- Country: United States
- Location: Mayes County, Oklahoma
- Coordinates: 36°14′00″N 95°10′55″W﻿ / ﻿36.23343°N 95.18191°W
- Construction began: December 1961

Dam and spillways
- Height: 645 ft (197 m)

Reservoir
- Creates: Lake Hudson (Markham Ferry Reservoir)
- Total capacity: nominal: 200,300 acre⋅ft (247,100,000 m^{3}) maximum: 400,000 acre⋅ft (490,000,000 m^{3})
- Surface area: 12,000 acres (49 km^{2})
- Website hudson.uslakes.info/DamInfo.asp?DamID=102046

= Lake Hudson (Oklahoma) =

Lake Hudson, also known as Markham Ferry Reservoir, is a man-made reservoir in Mayes County, Oklahoma, United States, about 2 mi northwest of Locust Grove, Oklahoma and 8 mi southeast of Pryor, Oklahoma. It was created by the completion of the Robert S. Kerr Dam on the Grand River in 1964. It is managed by the Grand River Dam Authority (GRDA).

==History==
GRDA began construction of the Markham Ferry Dam in December 1961. This was the second of GRDA's hydroelectric projects along the Grand River. The first was Pensacola Dam, which created Grand Lake o' the Cherokees. The Markham Ferry project was completed in April 1964.

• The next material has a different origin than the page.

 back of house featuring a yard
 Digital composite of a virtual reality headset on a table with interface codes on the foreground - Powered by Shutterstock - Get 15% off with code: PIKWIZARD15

===Namesake Controversy===
The lake was named for Washington E. Hudson, an early-day Tulsa attorney, Oklahoma state legislator, and member of the board of the GRDA from 1955 until he died in 1964. In 1923, he founded the Tulsa Law School.

Researchers reported in 2018 that Wash Hudson was an incorporator of the Tulsa Benevolent Society in 1922, which established the Ku Klux Klan in Tulsa in the following year.

A GRDA spokesman told the reporter that GRDA would investigate the feasibility of renaming the lake, in view of these reports. He had said that the utility had never before received any complaints about the lake name, nor about Mr. Hudson himself.

GRDA spokesman John Wiscaver says the agency investigated Hudson's background after being approached by the online publication The Frontier, which first reported the proposed name change. Wiscaver said it is "fairly clear" Hudson was involved with the Ku Klux Klan and the GRDA supports the bill.

The lake would become Lake Markham in honor of a Cherokee family that operated a ferry service on a portion of Grand River that is now part of the lake.

In 2019, the State of Oklahoma denied the request to have the name changed from Lake Hudson to Lake Markham.

==Robert S. Kerr Dam structure==

The Robert S. Kerr Dam structure is a concrete gravity and earth filled embankment with a concrete ogee weir spillway. The length is 4494 ft, including the powerhouse, and the height is about 90 ft above the stream bed. The spillway has seventeen gates, each 40 by 37 ft, operated by two traveling gate hoists. Its capacity is 609000 cuft per second.

==Lake description==
The lake has a surface area of 12000 acre, a shoreline of 200 mi, and a "normal" level (being the top of its conservation pool) of 619 ft above sea level. The normal storage capacity is 200300 acre.ft. The top of the flood control pool is at 636 ft above sea level. Kerr dam has a crest elevation of 645 ft above sea level.

==Power generation==
The powerhouse has four hydroelectric turbines, providing a total capacity of 114,000 kW. GRDA states that an average year can provide 211 million kWh.

Lake Hudson also is the water source for the nearby Salina Pumped Storage Project.

==Snowdale State Park==
Snowdale State Park is located on Lake Hudson in Eastern Oklahoma. A variety of water sports are permitted. Other recreational activities are camping, hiking, swimming and volleyball. It is popular for bass, catfish, perch and crappie fishing. Facilities include a lighted boat ramp, swimming beach, playground, volleyball court, picnic tables, a group picnic shelter and a comfort station with showers. The park offers 17 RV sites with water and electric hookups and 20 tent sites. The campgrounds and restrooms are closed for the winter.

The park is about 1 mi west of Salina on SH 20. It is 15 acre in area and was built in 1959.

Snowdale became the Snowdale Area at Grand Lake State Park. The Oklahoma Department of Tourism and Recreation chose not to renew its lease on the property from the Grand River Dam Authority in 2019, shutting down the park.